The web application VersionEye started as a default Rails app. Exactly with this command:
rails new versioneye
That was more than 2 years ago. Over time the application was growing. We added parsers and crawlers to the Rails app, because it was easy to reuse the models and it was a fast way to add new features. At one point we added Grape to the project for implementing the API. For long time the Rails monolith was running on 1 single machine together with database and the crawlers. The server was lovely hand crafted by myself 🙂
With growing traffic the infrastructure had to change as well. First of all the backend systems (MongoDB, ElasticSearch and MemcacheD) got their on EC2 instance. The next step was to deploy the crawlers on a separate EC2 instance.
Ansible – a simple way to automate IT
2 servers are already reason enough to automate the IT infrastructure. I took a look to Chef and Puppet. But honestly I couldn’t get warm with any of them. They are too complicated and a bit over engineered for my current purpose. Marvin and Christian from Playtestcloud recommend me to take a look to Ansible. So I did and I really liked it. Ansible requires no master and nothing needs to be installed on the remote servers. The only requirement is that you are able to login via SSH to the remote server.
Currently the whole infrastructure for VersionEye is described in 17 roles, with Ansible. With 1 single command the whole infrastructure can be setup. Or parts of it. The ansible scripts are all managed in a separate git repository. That way all changes are tracked and documented. IT-Infrastructure is just another code repository now! That’s pretty cool!
Small code repositories
In the past the API was deployed together with the Rails application.
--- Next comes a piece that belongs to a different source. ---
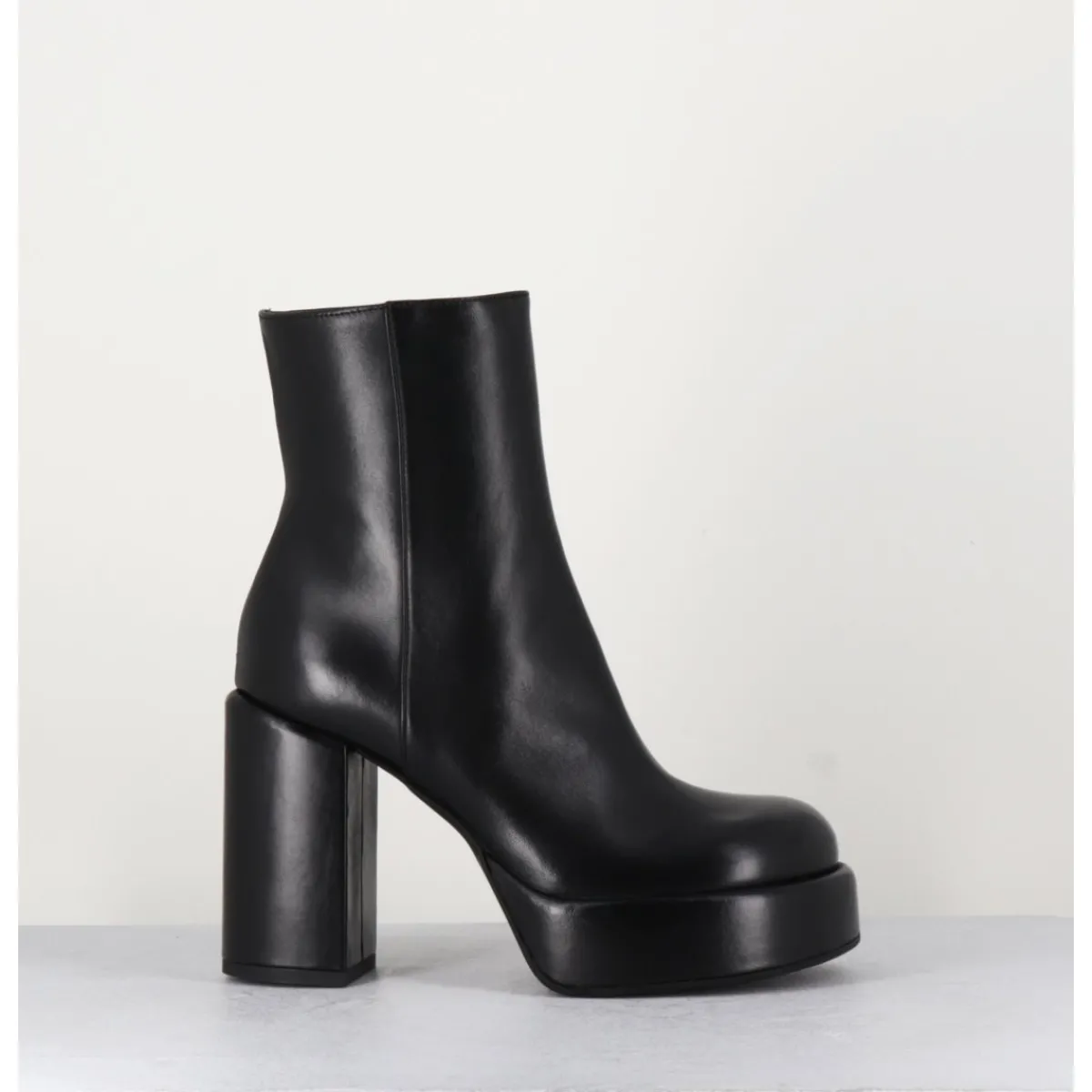 Boots | Plateformes^GARRICE LAB Boots 70s en cuir - AIKO NAPPA NERO NOIR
And as the API become a little bit more popular that caused some issues. If somebody used heavily the API, that slowed down the web application. And vice versa.
In the last weeks we split up the big monolith Rails app. First of all we extracted the models, mailers, services and parsers into the ‘versioneye-core’ project. As next step we pulled out the Grape API into a separate application. The web application and the API are using ‘versioneye-core’ as a regular dependency now. Now the web application and the API can be deployed & scaled independently from each other, without effecting each other.
Splitting up the code in smaller repositories was not the only thing. The code itself was refactored as well. Big classes have been splitted up in smaller classes and test coverage was increased for each repository.
Next steps
I think we are on the right way. In the mean while the whole code base for VersionEye is distributed over 12 git repositories. There is still room for improvements. And as the service grows we will continue to split up in smaller services / git repositories.
But the directly next step will be to introduce RabbitMQ and EventMachine. Many tasks can be outsourced to RabbitMQ, to get done in parallel. For example tasks like sending out emails, parsing files and importing meta data from external APIs.
Interesting to read how you improved your performance. Thanks for sharing!
Thanks for your sharing this note!
I am interested in Ansible now 🙂
Anyone using it also? (with Rails)
You are welcome 🙂 I know that ThoughtWorks is using Ansible in a project together with Vagrant.
Sounds like Blinkist app architecture 😀 Good job. I got to check out ansible
Ansible is awesome. If you want to move away from Heroku you should really check it out!